The study's geographical scope, as depicted in Figure 2, included the expansive urban environment of Jakarta, subdivided into its constituent administrative areas: West Jakarta, Central Jakarta, South Jakarta, East Jakarta and North Jakarta. Each area presents its unique demographic and socio-economic characteristics, contributing to the complexity and diversity of the metropolitan population. For the sampling procedure, we adopted a random sampling approach, universally recognized for its robustness in social research. This probabilistic technique entails that every individual within the total population has an equal opportunity to be included in the sample, thereby eliminating selection bias. The implementation of this method was meticulous: A random number generator was employed to ensure that the selection process was impartial and methodologically sound. By doing so, we could ensure that our sample was a miniature yet accurate representation of Jakarta's population.
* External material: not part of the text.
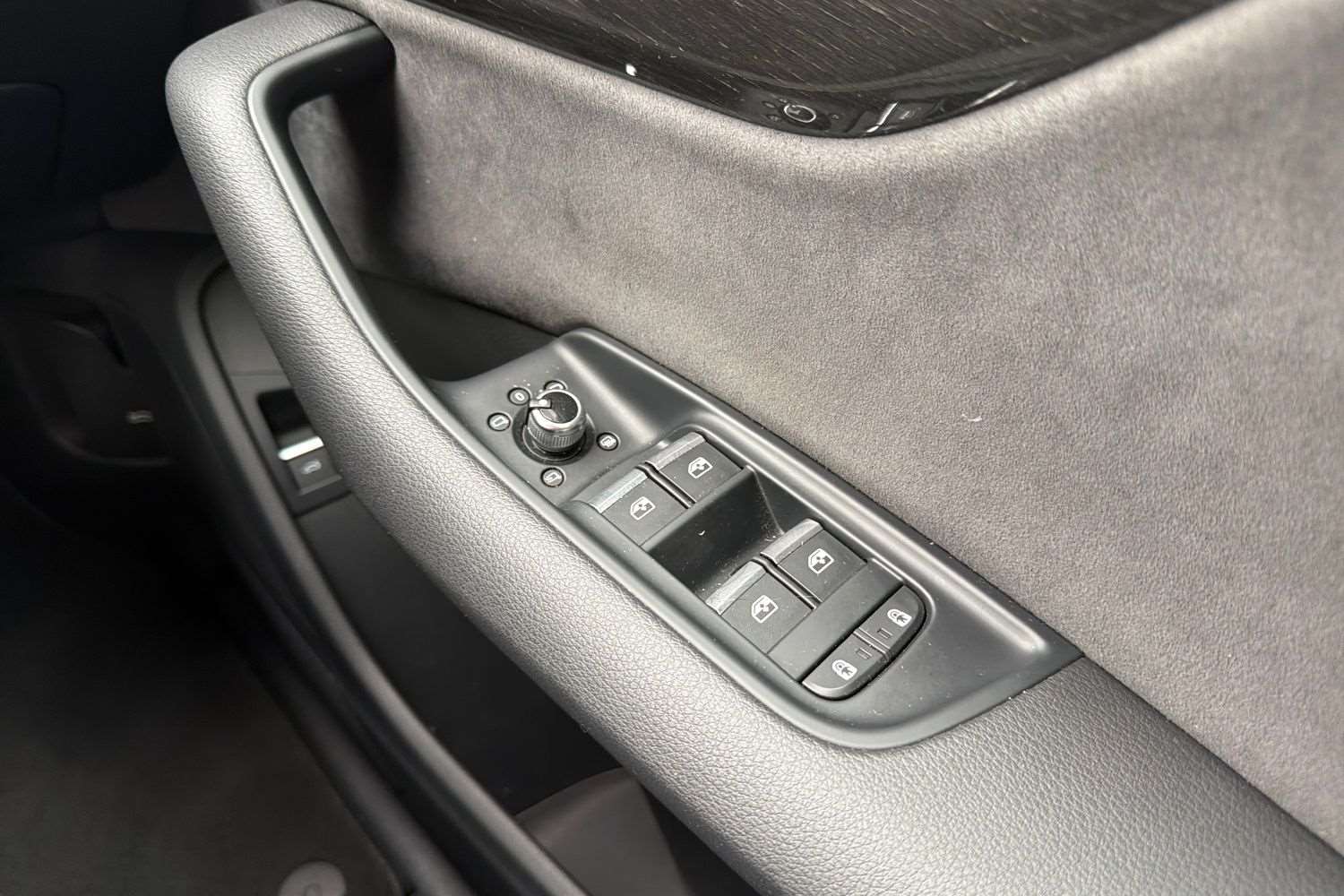 Used Audi Q7 2024 for sale - 78119234: Photo 14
Our sampling method was characterized using a random sampling technique, a methodology acclaimed for its simplicity and effectiveness in research disciplines. The central tenet of random sampling is to provide each member of the population with an equal likelihood of being chosen, thus ensuring that the sample is a true reflection of the population without biases. This process eschews any form of preference or discrimination, facilitating an equitable selection process. The random sample is meticulously drawn to represent the whole population faithfully, thus reinforcing the validity and reliability of the resultant data and the conclusions drawn thereof. This method's efficacy is underpinned by its core objective: To capture a snapshot of the population that is as unbiased and representative as possible. The socio-demographic profile of our random sampling in the study reflects the intricate social fabric of Jakarta's populace as recorded in the latest data provided by the Statistical Center^[51].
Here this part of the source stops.